Russian Manafort client: Willing to speak to Congress
WASHINGTON (AP) — A Russian billionaire close to President Vladimir Putin said Tuesday he is willing to take part in U.S. congressional hearings to discuss his past business relationship with President Donald Trump’s former campaign chairman, Paul Manafort.
Last week, The Associated Press reported that Manafort had written aluminum magnate Oleg Deripaska in 2005, proposing to do work for Deripaska that would “benefit the Putin Government.” The story was based on interviews with people familiar with Deripaska’s business dealings with Manafort and documents obtained by the AP, including strategy memoranda, contracts and records showing international wire transfers for millions of dollars.
In a quarter-page advertisement in Tuesday’s editions of The Washington Post and The Wall Street Journal, Deripaska said he was “ready to take part in any hearings conducted in the US Congress on this subject in order to defend my reputation and name.”
Manafort signed a $10 million contract in 2006 that laid out a four-country communications and political strategy intended to support Deripaska’s company and undermine anti-Russian political movements.
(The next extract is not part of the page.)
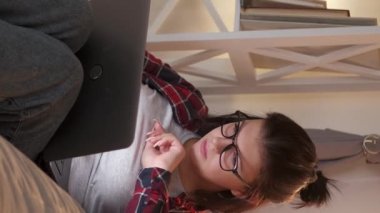 Dikey video. Uzaktan kumanda. Freelancer rutini. Ağ araştırması. Dizüstü bilgisayarın iç mekanında yoğun çalışan kadın sörf yapıyor..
Payments continued until at least 2009, seven years before Manafort joined and led Trump’s 2016 campaign, according to people familiar with the relationship. They spoke on condition of anonymity because they were not authorized to discuss the business arrangement openly.
In his newspaper ads responding to the AP’s story, Deripaska said he never signed “a $10 million contract ‘to greatly benefit the Putin Government’ with Paul Manafort.”
“I have never made any commitments or contracts with the obligation or purpose to covertly promote or advance ‘Putin’s Government’ interests anywhere in the world,” Deripaska wrote.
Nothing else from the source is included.